①ノンフィクションの日々に捧ぐ/the quiet room
取り留めのない日常に色彩を与えるクワルーの魅力が存分に発揮されていると思っています。個人的にクワルーの中で一番好きな曲だし、もっと言うと僕がこれまでに出会ったすべての楽曲の中でも上位に位置するほど、僕が日常的に縋っている一曲です。携帯のアラームを停止にできず何回もスヌーズを繰り返しながら一日が始まり、誰かの感情を揺さぶるようなドラマは描けないまま、ただ他人の動向を傍観しては羨望するか嘲笑するかの二択しか取れない自堕落な毎日に厭気が射していながらも、そんな毎日に”ほんの少しでもいいから意味がありますように”と弱気な願いを掛けて、他方では”あたしらしく胸を張って生きてきた あんたなんかに何がわかるの?”と少し強がって見せる。強気なふりをしてもどこか不安で押し潰されそうな弱さが見え隠れする不安定な感覚はどの部分を取っても僕の生活をそのまま描いているみたい。

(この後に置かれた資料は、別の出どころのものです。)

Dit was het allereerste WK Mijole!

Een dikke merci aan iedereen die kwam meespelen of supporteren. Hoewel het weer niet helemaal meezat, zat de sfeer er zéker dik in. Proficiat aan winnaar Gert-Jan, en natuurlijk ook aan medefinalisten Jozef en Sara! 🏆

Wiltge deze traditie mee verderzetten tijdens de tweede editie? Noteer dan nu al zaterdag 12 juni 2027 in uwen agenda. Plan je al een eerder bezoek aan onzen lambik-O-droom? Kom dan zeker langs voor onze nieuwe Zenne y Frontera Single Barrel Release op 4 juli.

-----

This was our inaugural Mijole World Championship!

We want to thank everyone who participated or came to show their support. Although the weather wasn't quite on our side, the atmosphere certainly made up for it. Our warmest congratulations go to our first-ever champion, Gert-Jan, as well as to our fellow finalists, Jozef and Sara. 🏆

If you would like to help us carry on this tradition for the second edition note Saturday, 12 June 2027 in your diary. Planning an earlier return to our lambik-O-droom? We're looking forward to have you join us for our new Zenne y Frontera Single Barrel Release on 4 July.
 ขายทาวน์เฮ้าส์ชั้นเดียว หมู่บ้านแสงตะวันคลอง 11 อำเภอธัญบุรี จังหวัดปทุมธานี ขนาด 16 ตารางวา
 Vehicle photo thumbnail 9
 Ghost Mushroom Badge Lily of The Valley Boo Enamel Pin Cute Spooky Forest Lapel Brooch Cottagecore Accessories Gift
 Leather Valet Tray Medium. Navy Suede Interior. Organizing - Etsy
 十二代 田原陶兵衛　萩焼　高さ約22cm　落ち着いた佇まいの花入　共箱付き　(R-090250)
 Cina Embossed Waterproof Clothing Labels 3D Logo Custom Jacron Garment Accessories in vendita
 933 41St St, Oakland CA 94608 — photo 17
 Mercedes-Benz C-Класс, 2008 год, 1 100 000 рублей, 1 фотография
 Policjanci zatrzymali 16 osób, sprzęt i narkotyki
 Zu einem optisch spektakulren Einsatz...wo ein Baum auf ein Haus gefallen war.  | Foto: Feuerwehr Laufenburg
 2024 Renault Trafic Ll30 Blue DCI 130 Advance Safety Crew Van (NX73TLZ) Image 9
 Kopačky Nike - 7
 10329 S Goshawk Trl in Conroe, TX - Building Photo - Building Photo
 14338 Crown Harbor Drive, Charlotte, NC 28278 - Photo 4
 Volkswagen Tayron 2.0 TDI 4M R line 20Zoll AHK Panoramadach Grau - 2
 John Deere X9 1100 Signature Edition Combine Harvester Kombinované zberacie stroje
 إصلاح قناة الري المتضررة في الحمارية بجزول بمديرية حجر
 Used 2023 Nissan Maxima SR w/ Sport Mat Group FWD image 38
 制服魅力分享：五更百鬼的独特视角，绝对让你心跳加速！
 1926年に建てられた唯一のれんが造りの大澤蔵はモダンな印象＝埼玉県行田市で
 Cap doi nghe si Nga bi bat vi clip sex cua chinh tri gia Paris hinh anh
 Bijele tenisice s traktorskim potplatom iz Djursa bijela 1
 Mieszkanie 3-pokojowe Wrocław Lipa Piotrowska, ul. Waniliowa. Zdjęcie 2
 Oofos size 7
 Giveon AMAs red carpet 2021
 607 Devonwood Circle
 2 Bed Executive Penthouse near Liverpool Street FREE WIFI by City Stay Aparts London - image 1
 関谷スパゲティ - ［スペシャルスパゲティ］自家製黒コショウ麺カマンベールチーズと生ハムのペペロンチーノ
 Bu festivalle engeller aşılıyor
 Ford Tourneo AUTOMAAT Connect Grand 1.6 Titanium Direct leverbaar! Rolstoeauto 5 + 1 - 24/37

間違いなく、僕自身が生きる”ノンフィクションの日々”の主題歌と言うべき一曲です。
②猫の背/Saucy Dog
"誰のヒーローにもなれやしない"と思い続けるすべてのリスナーに寄り添い、”ずっと前だけを向いてなくていい”とそんな現状を肯定しつつ一歩踏み出すための原動力を与えてくれる歌。前向きな生き方を忘れて羨望とか劣等感とかばかり覚えてしまった僕みたいな人間のどうでもいい感覚の機微を、石原慎也は何故か誰よりもわかってくれる。やっぱりSaucy Dogの好きな所はこういう所なのよ。何一つとして変われないまま繰り返す平凡な毎日に”このままの僕じゃいられないよな”と歌い、最後には”繰り返すだけの毎日なら要らない 変わりたい”と、ほんの少しでも明日へ踏み出す勇気を与えてくれる。どうせ変わらない毎日だったとしても「大丈夫、変われるから」と言って優しく寄り添ってくれるこの曲は、サウシーらしく何一つキラキラしていないけど、何一つキラキラしていないからこそ、絶望の淵に沈む僕をいつも救い出してくれるのでしょう。
③月と旅人/ドラマストア
"君を主人公にする音楽"を掲げるドラマストアは、そのコンセプトに相応しく、どの楽曲も一人一人のリスナーを主人公に仕立て上げるのが一番の魅力です。「月と旅人」が描くのは壮大な旅なんかじゃなくて、退屈な日々を抜け出す為の行く宛のない”旅”。だから、全然煌びやかじゃない僕でも主人公でいさせてくれます。"遥か遠くを目指すフリしてとりあえず明日へ向かうのが僕らしくあることなんじゃない?"。格好つかなくてもこれくらい出鱈目な方が僕の身の丈には合っていて、主役にはなれないとしても飾らないそのままの自分でいさせてくれて。別にバンドもやってないし音楽的なことも何一つ分かっていない僕がこんなにもバンド音楽に執着してるのは、取り留めのない日常の”主題歌”と呼べる存在をを探し求めているからなのかもね。
④ アスター/KANA-BOON
”淡々と終わって明日には再上映 誰も観ないのに"のフレーズに象徴される通り、この曲もまた、主役になんかなれないまま訪れては消え去っていく毎日のリアルを描いた一曲です。希望なんて抱けないから自分より幸せな誰かを羨んで、自分に対しては"今日の不幸は眠れば消えるから"と嘯いて過ごす日々に、不満があるわけではないけど何となく納得していなくて。そんな憂いを溶かすかのように"夕暮れ染まったオレンジがかった風"だけがこんな自分に寄り添ってくれるんです。絶望の中の僅かな希望の光として夕暮れを描くのは「愛にまみれて」や「オレンジ」なんかにも通じるけど、やっぱり僕らは疲れ切った帰り道に夕暮れが綺麗だと何故か慰められたような気がして涙が溢れてくるように設計されているんだよね。
⑤赤を塗って/SUPER BEAVER
beaverの歌詞って「青い春」や「予感」みたいな、強く真っ直ぐでリスナーを引っ張ってくれるような安心感がある楽曲が多いと思っています。でも、「赤を塗って」が見せるのはそんな力強さではなく、寧ろ脆弱さの部分でしょう。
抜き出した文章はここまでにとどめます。